» TASK GOAL: For this exercise, return only the lines in the records below from the one holding "M MINGLE Short" through the one holding "Business growth and", including both, exactly as they appear and without pictures.

» RECORDS PROVIDED:
= Beginning of Section =
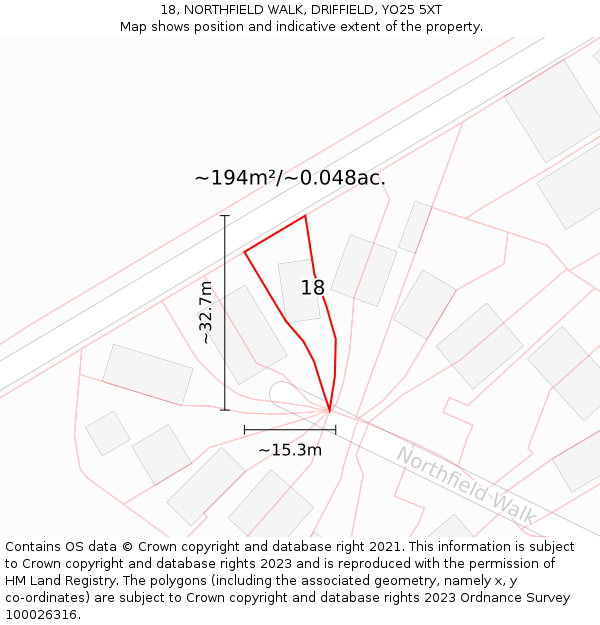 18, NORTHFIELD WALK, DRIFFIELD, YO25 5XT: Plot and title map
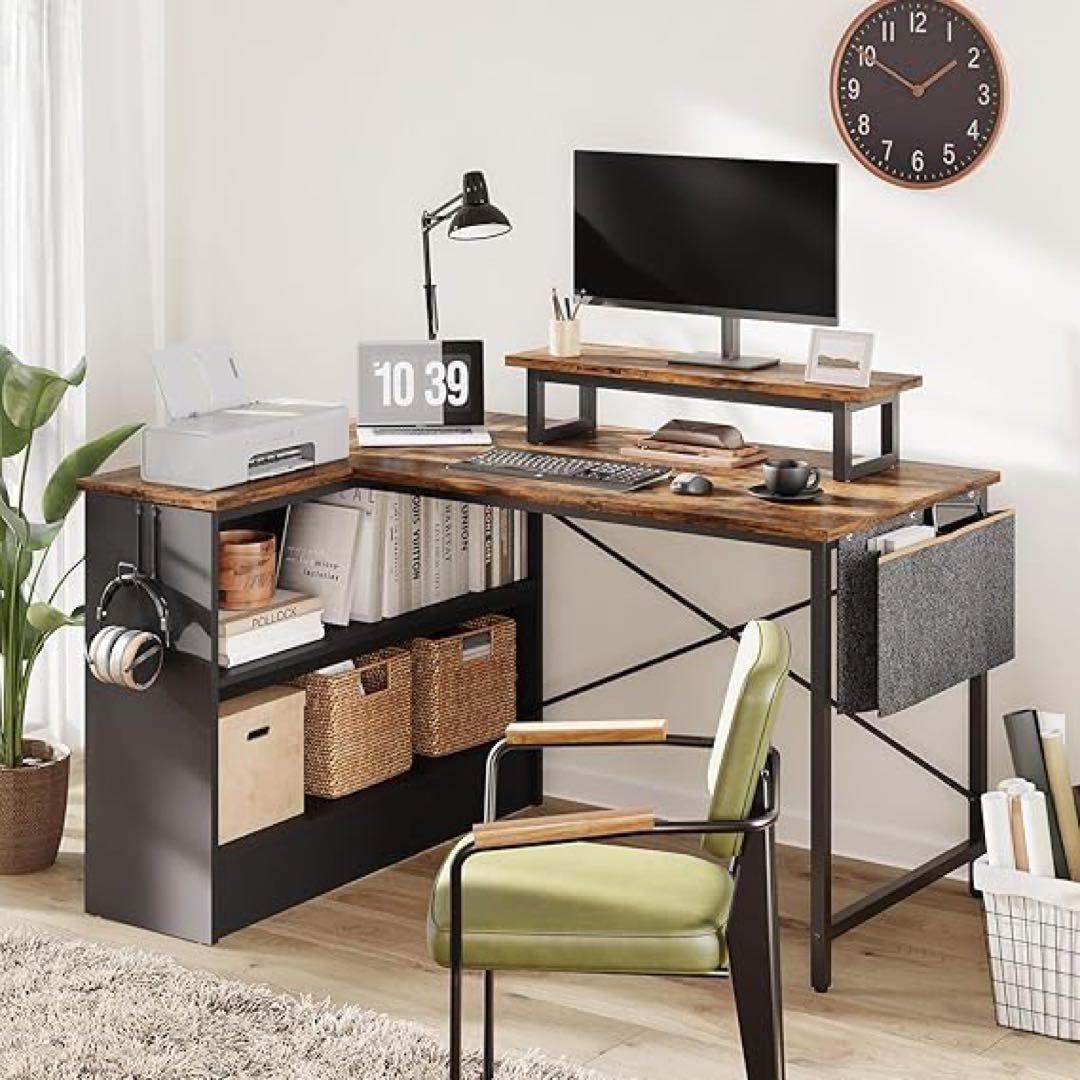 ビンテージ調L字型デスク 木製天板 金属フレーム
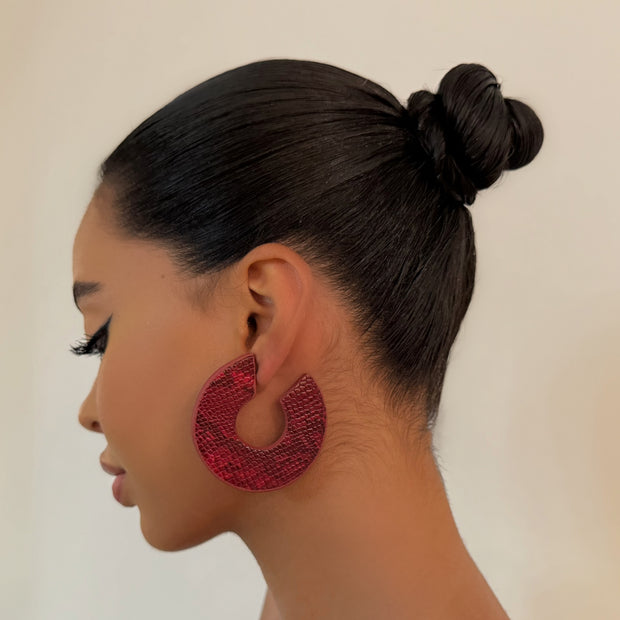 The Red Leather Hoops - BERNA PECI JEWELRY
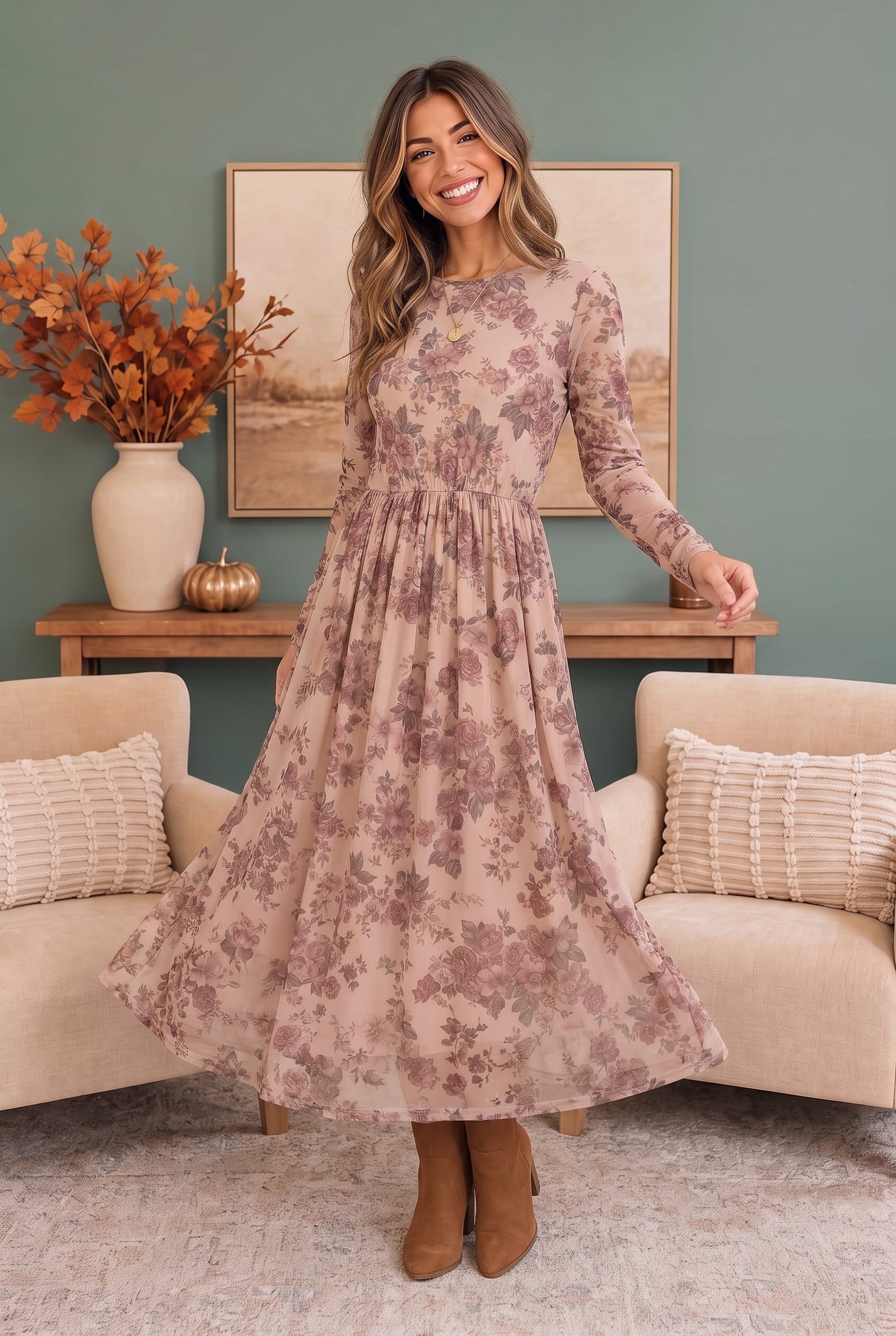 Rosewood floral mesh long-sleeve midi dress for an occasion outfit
= End of Section =
= Beginning of Section =
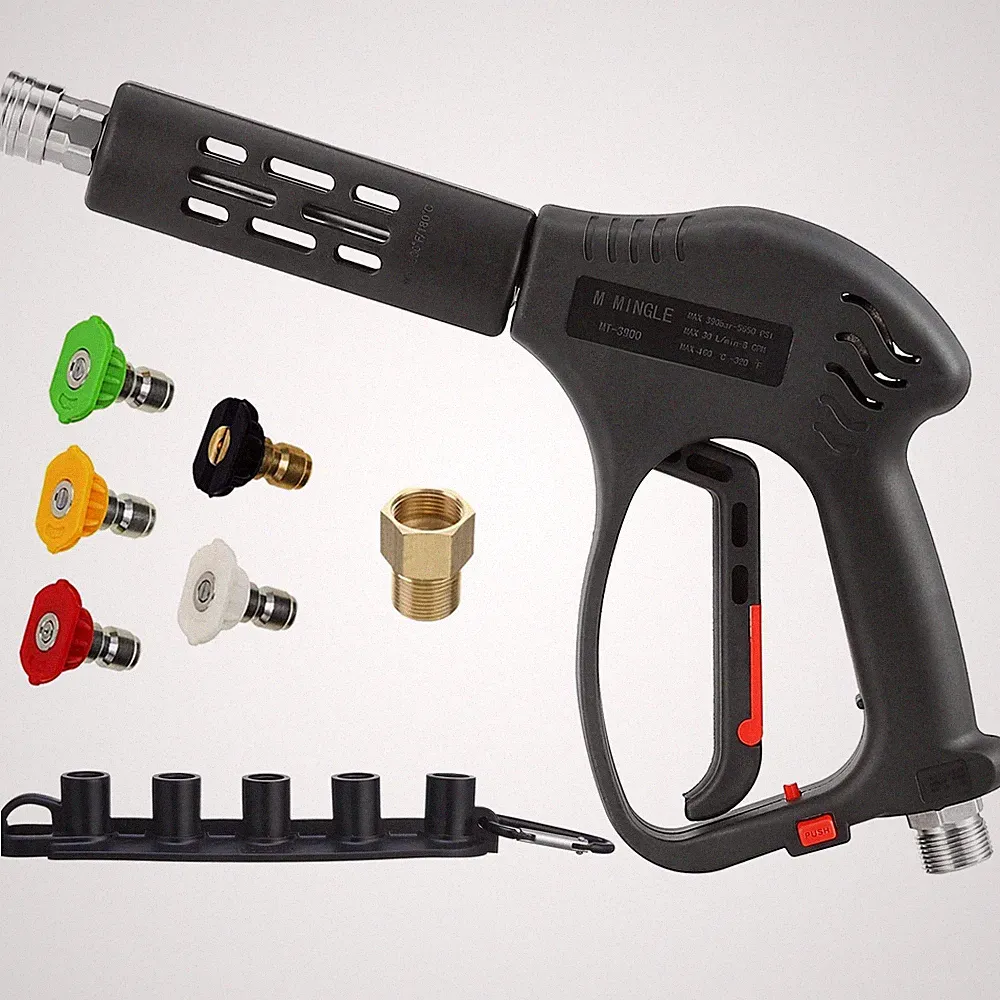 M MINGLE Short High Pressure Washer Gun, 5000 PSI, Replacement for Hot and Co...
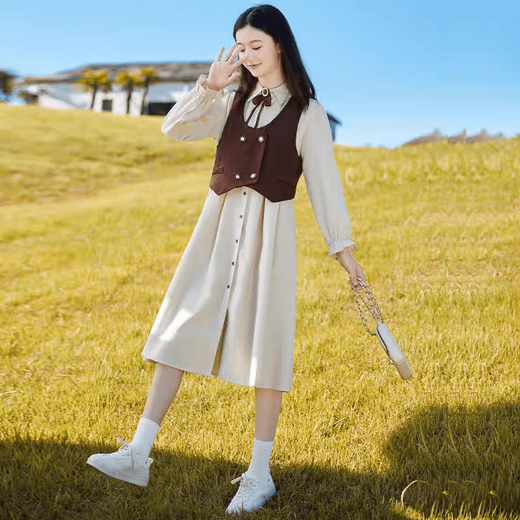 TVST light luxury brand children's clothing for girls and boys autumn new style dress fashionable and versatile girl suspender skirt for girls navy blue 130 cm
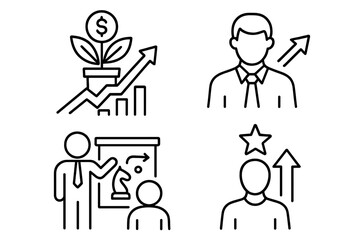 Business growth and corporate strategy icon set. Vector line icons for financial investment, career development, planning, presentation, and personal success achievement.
= End of Section =
» WORKED SOLUTION:
 M MINGLE Short High Pressure Washer Gun, 5000 PSI, Replacement for Hot and Co...
 TVST light luxury brand children's clothing for girls and boys autumn new style dress fashionable and versatile girl suspender skirt for girls navy blue 130 cm
 Business growth and corporate strategy icon set. Vector line icons for financial investment, career development, planning, presentation, and personal success achievement.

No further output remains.